**** SUPPLIED RECORDS ****

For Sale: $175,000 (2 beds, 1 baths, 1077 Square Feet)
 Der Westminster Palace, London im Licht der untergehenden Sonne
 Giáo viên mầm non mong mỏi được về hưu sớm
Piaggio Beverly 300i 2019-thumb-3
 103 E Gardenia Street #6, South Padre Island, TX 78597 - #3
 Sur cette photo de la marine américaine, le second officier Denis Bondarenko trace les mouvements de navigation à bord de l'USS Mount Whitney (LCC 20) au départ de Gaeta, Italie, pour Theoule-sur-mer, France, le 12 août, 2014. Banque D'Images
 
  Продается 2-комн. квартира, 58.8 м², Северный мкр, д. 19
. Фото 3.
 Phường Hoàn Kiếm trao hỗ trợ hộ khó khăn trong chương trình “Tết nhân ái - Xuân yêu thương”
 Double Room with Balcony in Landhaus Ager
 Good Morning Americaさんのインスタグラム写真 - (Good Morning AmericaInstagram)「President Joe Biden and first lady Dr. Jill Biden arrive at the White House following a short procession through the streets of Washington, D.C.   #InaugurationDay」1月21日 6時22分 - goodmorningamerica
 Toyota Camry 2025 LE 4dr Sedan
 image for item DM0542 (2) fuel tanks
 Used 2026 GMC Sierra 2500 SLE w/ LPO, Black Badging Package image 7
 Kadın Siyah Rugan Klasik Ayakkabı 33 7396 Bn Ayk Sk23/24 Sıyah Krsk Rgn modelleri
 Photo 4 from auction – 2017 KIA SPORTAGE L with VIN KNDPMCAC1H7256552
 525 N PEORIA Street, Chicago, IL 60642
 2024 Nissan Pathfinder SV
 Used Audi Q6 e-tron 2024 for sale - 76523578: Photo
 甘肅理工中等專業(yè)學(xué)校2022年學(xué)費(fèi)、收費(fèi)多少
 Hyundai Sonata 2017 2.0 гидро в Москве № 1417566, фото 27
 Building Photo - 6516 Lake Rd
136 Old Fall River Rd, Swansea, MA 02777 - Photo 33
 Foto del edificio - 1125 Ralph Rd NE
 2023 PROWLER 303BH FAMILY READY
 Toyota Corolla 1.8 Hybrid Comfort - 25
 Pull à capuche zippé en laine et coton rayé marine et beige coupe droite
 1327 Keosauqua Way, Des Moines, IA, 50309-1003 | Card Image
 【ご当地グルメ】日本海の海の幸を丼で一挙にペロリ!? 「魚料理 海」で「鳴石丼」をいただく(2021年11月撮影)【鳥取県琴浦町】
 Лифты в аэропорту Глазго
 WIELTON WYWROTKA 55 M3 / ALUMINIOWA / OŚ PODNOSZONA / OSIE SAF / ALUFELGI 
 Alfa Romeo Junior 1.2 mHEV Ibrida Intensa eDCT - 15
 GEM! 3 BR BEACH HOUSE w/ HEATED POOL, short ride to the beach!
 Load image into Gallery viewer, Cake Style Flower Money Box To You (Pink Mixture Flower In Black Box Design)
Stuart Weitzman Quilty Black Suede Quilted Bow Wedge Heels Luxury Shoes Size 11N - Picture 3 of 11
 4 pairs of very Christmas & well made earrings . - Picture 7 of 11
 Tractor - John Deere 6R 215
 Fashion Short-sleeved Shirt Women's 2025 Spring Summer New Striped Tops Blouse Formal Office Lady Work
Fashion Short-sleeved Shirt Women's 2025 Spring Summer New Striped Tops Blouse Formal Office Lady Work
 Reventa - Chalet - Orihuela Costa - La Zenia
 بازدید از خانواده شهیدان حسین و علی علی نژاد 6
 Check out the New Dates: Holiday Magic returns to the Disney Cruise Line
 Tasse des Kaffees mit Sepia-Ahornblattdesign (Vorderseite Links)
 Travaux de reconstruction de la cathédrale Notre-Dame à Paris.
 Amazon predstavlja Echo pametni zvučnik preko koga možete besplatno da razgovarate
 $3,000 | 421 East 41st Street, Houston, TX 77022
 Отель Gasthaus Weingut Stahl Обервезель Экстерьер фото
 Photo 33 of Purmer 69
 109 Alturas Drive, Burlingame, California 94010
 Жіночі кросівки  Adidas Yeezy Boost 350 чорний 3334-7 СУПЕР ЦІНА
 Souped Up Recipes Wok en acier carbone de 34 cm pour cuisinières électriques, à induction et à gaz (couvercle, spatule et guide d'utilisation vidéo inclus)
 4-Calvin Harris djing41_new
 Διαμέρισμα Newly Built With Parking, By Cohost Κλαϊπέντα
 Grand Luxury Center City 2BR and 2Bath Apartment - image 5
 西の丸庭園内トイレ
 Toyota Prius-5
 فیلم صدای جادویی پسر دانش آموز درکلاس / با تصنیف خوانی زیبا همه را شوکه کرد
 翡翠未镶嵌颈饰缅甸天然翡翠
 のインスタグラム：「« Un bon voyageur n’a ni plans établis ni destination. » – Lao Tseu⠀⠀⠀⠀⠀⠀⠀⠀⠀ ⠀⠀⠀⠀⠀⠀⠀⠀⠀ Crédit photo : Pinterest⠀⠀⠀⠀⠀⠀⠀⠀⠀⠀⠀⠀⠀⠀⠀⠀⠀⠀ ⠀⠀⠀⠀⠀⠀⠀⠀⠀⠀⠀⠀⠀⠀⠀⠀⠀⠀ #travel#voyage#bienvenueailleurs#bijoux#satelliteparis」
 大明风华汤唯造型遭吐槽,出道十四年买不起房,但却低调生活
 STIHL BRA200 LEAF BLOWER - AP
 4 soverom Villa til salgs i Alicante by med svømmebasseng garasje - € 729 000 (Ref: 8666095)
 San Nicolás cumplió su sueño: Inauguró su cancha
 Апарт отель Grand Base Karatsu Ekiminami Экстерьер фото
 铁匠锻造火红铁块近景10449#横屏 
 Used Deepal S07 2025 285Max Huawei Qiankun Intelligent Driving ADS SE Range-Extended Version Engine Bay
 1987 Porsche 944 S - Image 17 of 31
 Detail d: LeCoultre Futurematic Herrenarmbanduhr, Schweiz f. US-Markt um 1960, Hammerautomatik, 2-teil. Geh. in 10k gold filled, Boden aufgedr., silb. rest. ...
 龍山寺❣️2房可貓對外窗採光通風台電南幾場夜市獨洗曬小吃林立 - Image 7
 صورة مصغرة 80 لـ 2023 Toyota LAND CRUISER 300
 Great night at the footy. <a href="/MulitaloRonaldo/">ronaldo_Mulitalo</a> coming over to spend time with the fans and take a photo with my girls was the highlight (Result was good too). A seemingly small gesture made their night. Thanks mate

****

• REQUIRED WORK: What lines above hold the word "marine"? Pull each one out.

• COMPLETED TASK:
 Sur cette photo de la marine américaine, le second officier Denis Bondarenko trace les mouvements de navigation à bord de l'USS Mount Whitney (LCC 20) au départ de Gaeta, Italie, pour Theoule-sur-mer, France, le 12 août, 2014. Banque D'Images
 Pull à capuche zippé en laine et coton rayé marine et beige coupe droite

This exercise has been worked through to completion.